## MATERIAL FOR THIS TASK
....

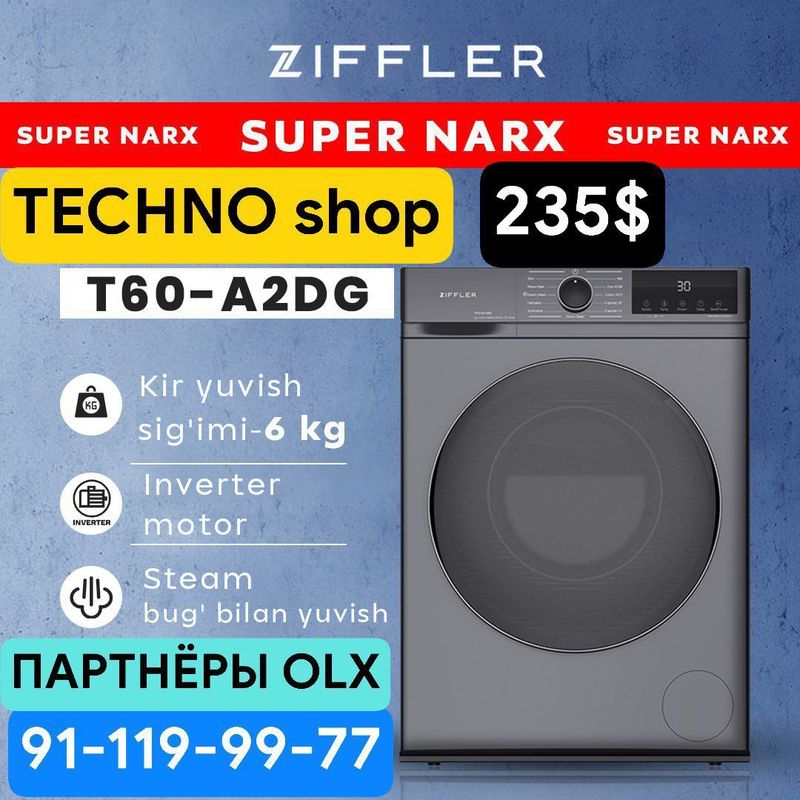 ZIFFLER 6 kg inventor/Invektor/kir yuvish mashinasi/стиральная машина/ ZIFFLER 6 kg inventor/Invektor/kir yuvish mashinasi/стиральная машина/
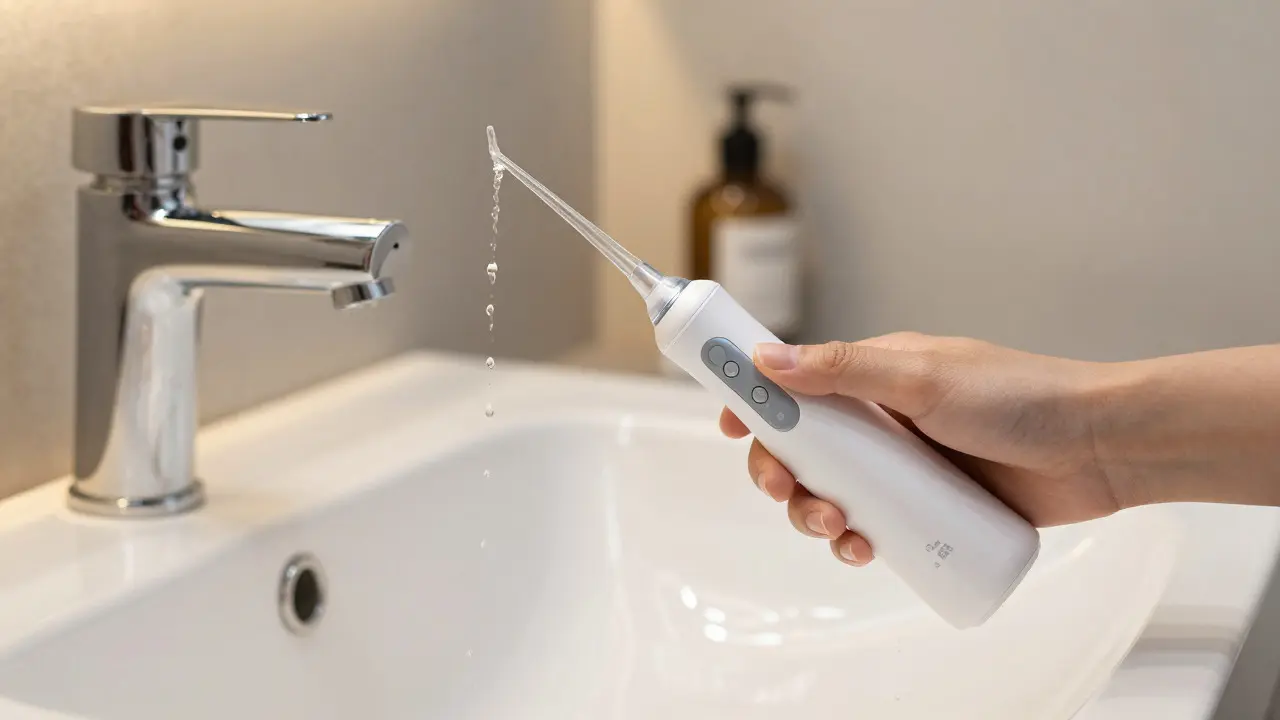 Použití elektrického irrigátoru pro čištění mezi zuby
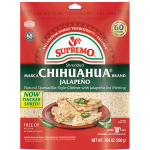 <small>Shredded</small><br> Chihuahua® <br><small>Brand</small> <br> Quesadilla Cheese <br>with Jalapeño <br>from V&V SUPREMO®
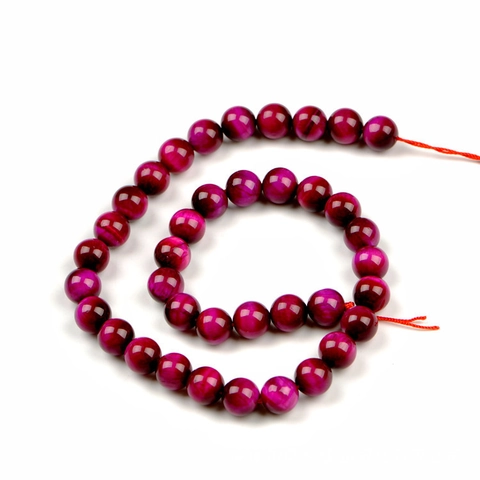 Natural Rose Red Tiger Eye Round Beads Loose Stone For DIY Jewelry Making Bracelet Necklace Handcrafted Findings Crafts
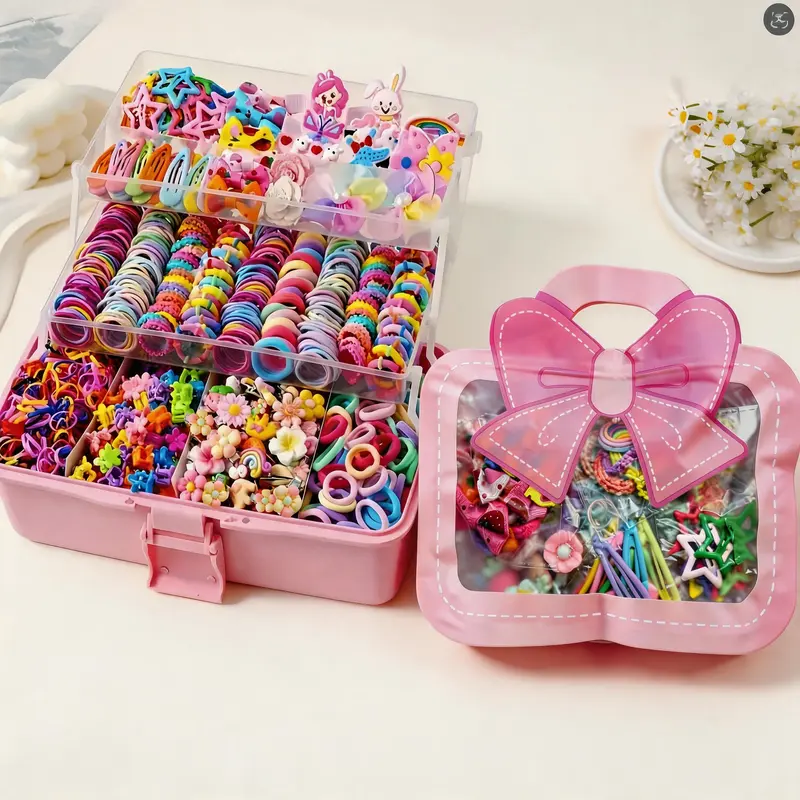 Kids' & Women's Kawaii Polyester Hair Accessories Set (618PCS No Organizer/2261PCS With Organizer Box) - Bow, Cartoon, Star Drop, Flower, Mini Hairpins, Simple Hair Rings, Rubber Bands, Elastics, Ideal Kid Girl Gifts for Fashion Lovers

....

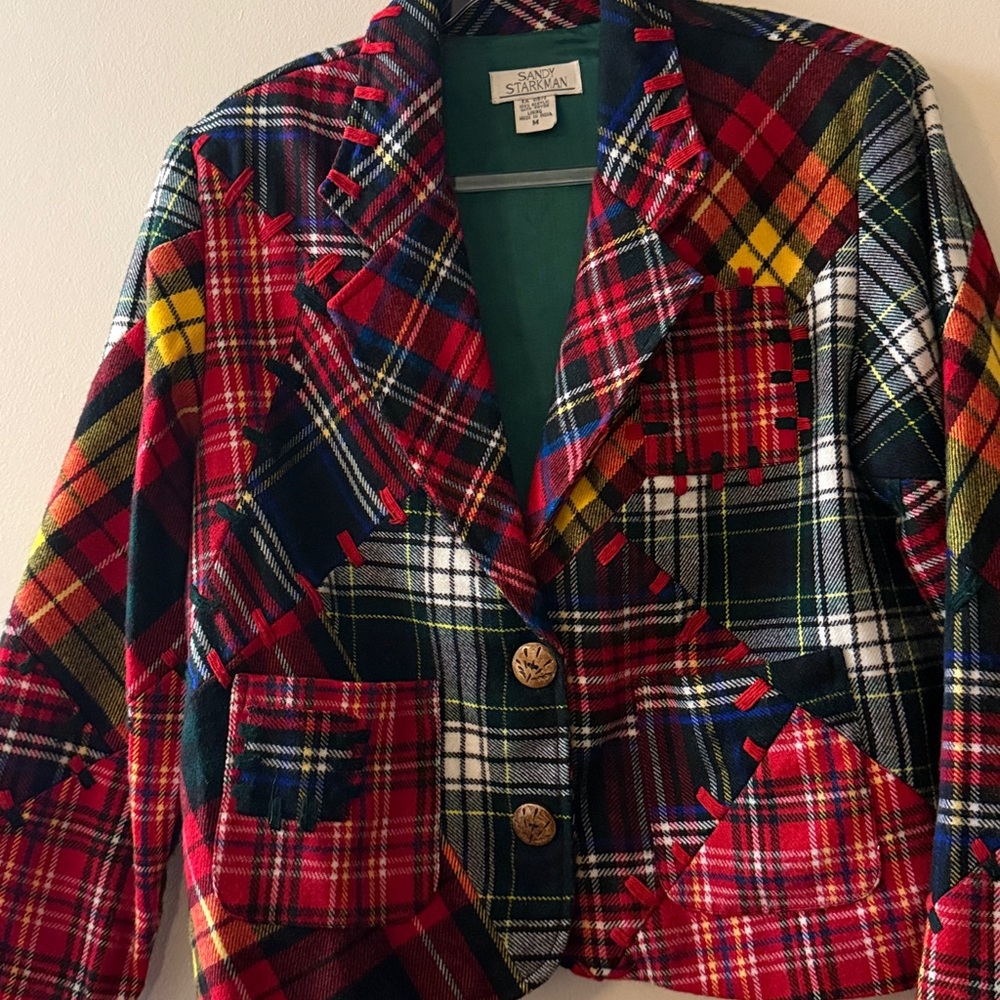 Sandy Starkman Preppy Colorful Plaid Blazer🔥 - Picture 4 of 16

....

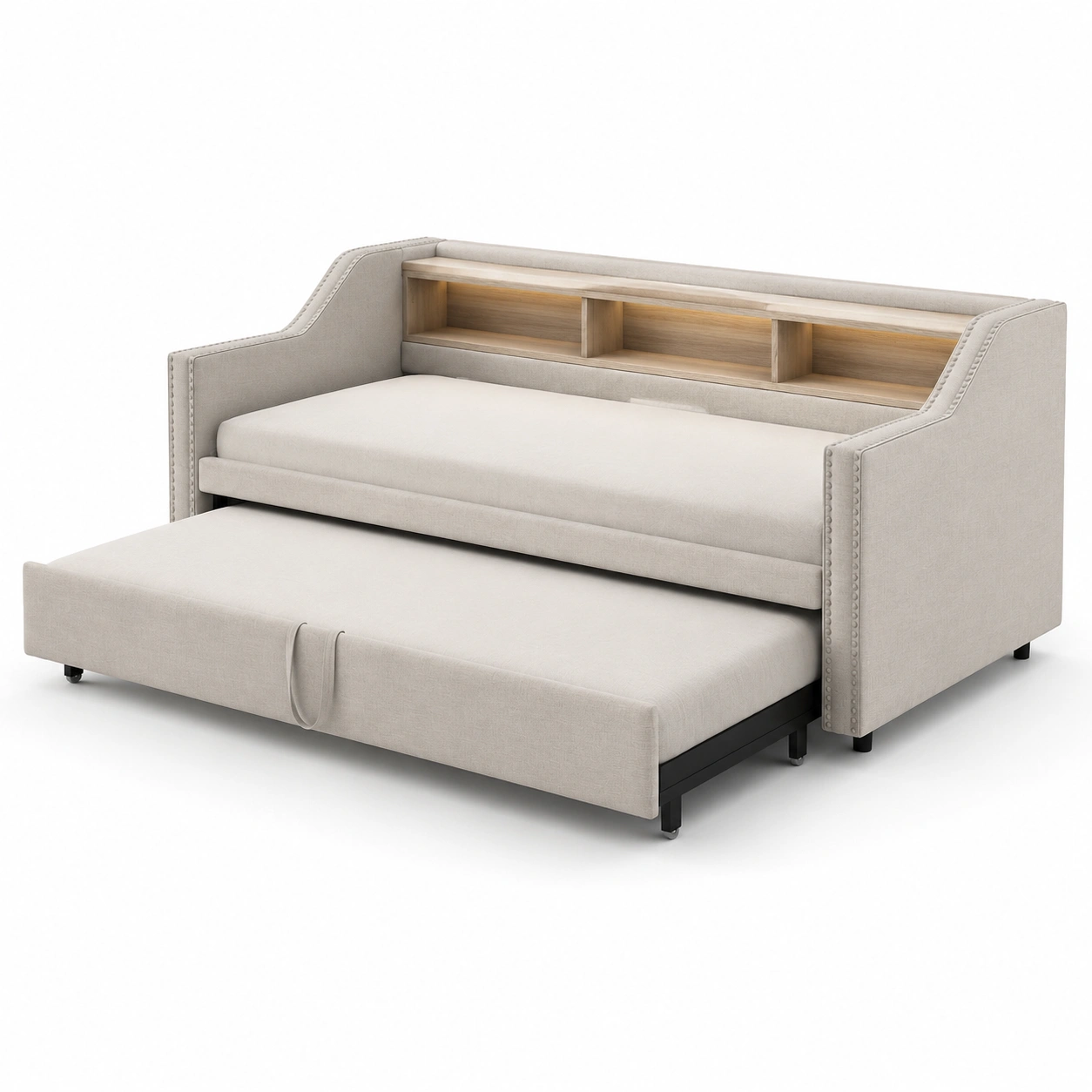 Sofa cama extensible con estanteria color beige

....

## TO DO
Please output the lines above beginning at the line with "Použití elektrického irrigátoru" and ending after the line with "Natural Rose Red", precisely as written and with no pictures.

## SOLUTION TO THE PROBLEM
 Použití elektrického irrigátoru pro čištění mezi zuby
 <small>Shredded</small><br> Chihuahua® <br><small>Brand</small> <br> Quesadilla Cheese <br>with Jalapeño <br>from V&V SUPREMO®
 Natural Rose Red Tiger Eye Round Beads Loose Stone For DIY Jewelry Making Bracelet Necklace Handcrafted Findings Crafts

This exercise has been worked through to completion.